Tuesday, September 3, 2013

Is God A Consequentialist?

Whenever I come up dry for material for this blog I can always turn to William Lane Craig bashing for inspiration. I get such great pleasure from deflating his dubious arguments. His new Q and A has him arguing that god isn't a consequentialist, when the record clearly indicates that he is. You can see the question here, I will focus on his answer below.

Craig starts out making a point he often makes in his writings and in his debates:

... on my view God has no moral duties to fulfill. Moral duties arise in response to imperatives issued by God. Since God does not issue commands to Himself, God has no moral duties. Rather God’s acts must simply be consistent with His perfectly good nature. So consequentialism cannot apply to God, having as He does no moral duties. His actions, such as permitting some evils in view of overriding goods, must simply be consistent with His being all-loving, punishing evil, etc.

If god's actions must be "
consistent with His perfectly good nature," and god's nature is perfect goodness, then why is god admittedly jealous and wrathful? Why can he essentially do what he wants and cause suffering and take life as he pleases? It seems to me that theists like Craig admit that their god is a god who can do whatever he wants because he "does not issue commands to Himself." In that case, if god's actions can violate his own commandments to us - commandments which are supposed to reflect his "perfectly good nature," then god cannot logically be perfectly good and all-loving. In other words, if my commandments are perfect, and I violate my own commandments, I cannot be perfect.

This upends the core of divine command theory since according to Craig, "it grounds objective moral values in God as the paradigm and source of moral goodness." If this supposed source of all moral goodness can act in ways contrary to his own commands of perfect moral goodness, the source cannot be perfectly good. Hence god plays a sort of "do as I say, not as I do" ethic. 

But it seems Craig fails to get this. He says:

God’s having no moral duties does not imply that He can do just anything; rather His actions must be consistent with His own nature.

Let's see what god can do.
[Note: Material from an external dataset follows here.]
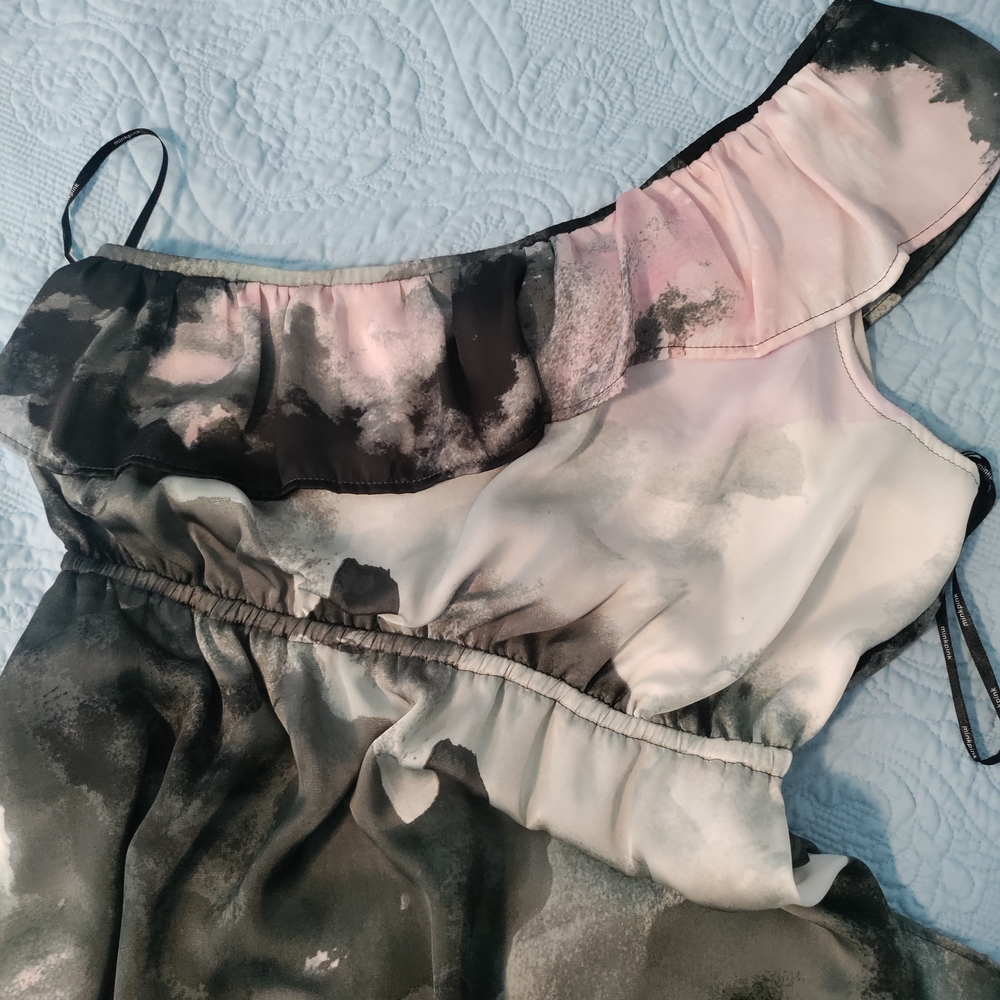 Smokey Watercolor Dress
He can command child sacrifice, genocide, slavery, the killing of adulterers, witches and homosexuals, and he can take his anger out on people for not worshiping him properly and for offering inadequate sacrifices. Sounds to me like god can pretty much "do just anything." If all those things I mentioned above are consistent with "good nature," then I'd hate to see what bad nature is.
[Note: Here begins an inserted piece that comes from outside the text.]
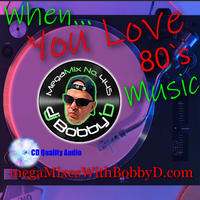 When you love 80's music! (Master recording ~ CD QUALITY AUDIO) #445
If god has no moral duties to fulfill, how can we even say that he is the "source of moral goodness"? It seems to me that theists like Craig simply just declare god to be the source of moral goodness regardless of what character he has. So if Islam were true, the god of the Koran would be the source of moral goodness, even though his character differs from the biblical god's character. It seems to me that under a divine command ethic, there is no way to determine what good is, other than to say it's whatever god's nature happens to be. But that, as I've argued before, makes the word "good" in the moral sense meaningless. 

I'd like to hear from Craig a list of things god can't do.

The issue Craig is responding to is whether god's actions in allowing evil and suffering to achieve a greater good, make god a consequentialist. Craig says, "don’t think that because God permits some evil act in light of an overriding good, that act is no longer evil. The human act is still evil despite the great goods which may come out of it." So if god is not a consequentialist, then what is he weighing in order to command or allow things that would result in a greater good? Craig quotes a philosopher named Steve Wykstra to explain:

[God] allows it ONLY IF doing so strongly serves some ulterior good purpose. It doesn't mean He allows it WHENEVER (if) it brings about a greater good. There may well be other constraints of a deontological sort. . . . The consequentialism to be most wary of, I think, would make ‘achieve a greater good’ both a necessary and sufficient condition for permitting some when-considered-by-itself evil.1

So basically, god sometimes allows evil and suffering for good purposes. In other words, god is not a strict consequentialist, he kind of mixes consequentialism with deontology, and applies each ethical theory depending on the situation. That's not really any different from what most secular moral realists do.

Craig finishes saying: 

[God] must have some overriding good in mind in permitting suffering and evil in the world, but He is not a consequentialist, not only because He has no moral duties to be determined, but also because the overriding good must be supplemented by other conditions, perhaps of a deontological nature, in order to suffice for His permission of suffering.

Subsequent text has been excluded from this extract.